§ **Data below**
=======
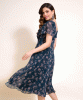 Robe Miranda (Bleu Marine Floral) by Alie Street
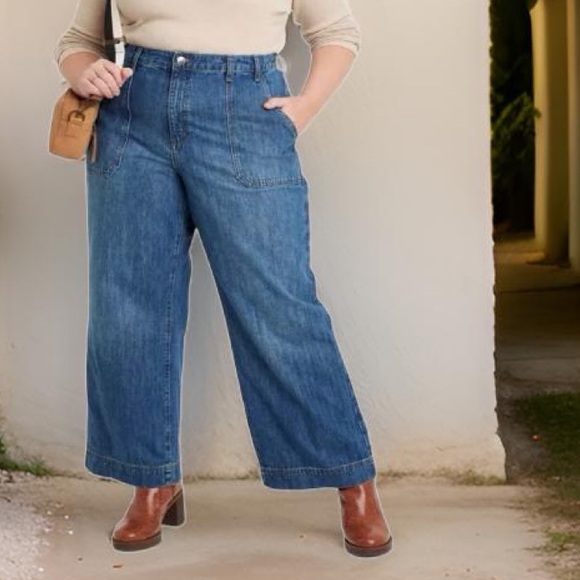 Wide Leg High Rise Jeans - Picture 13 of 15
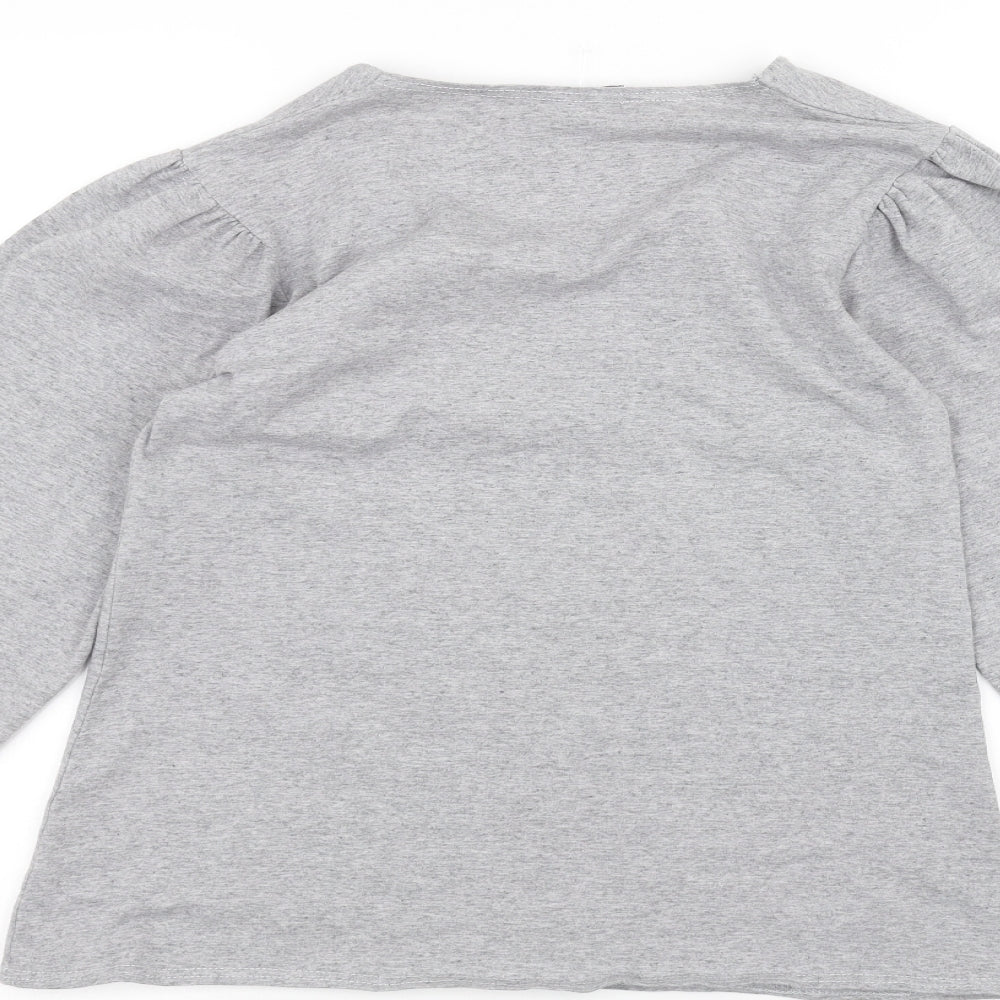 warmspun Womens Grey Pullover Jumper Size S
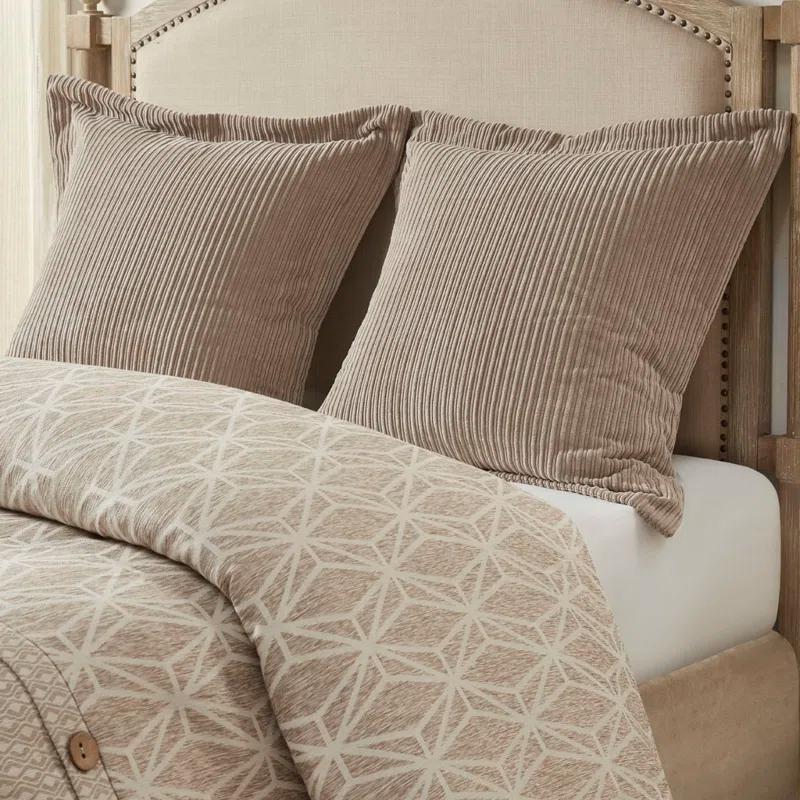 Madison Park Signature Madison Park Signature Grace Geometric Oversized Jacquard Comforter Set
=======
§ **Problem requirements**
Return each line from the material above exactly, but not the pictures.

§ **Result for this task**
 Robe Miranda (Bleu Marine Floral) by Alie Street
 Wide Leg High Rise Jeans - Picture 13 of 15
 warmspun Womens Grey Pullover Jumper Size S
 Madison Park Signature Madison Park Signature Grace Geometric Oversized Jacquard Comforter Set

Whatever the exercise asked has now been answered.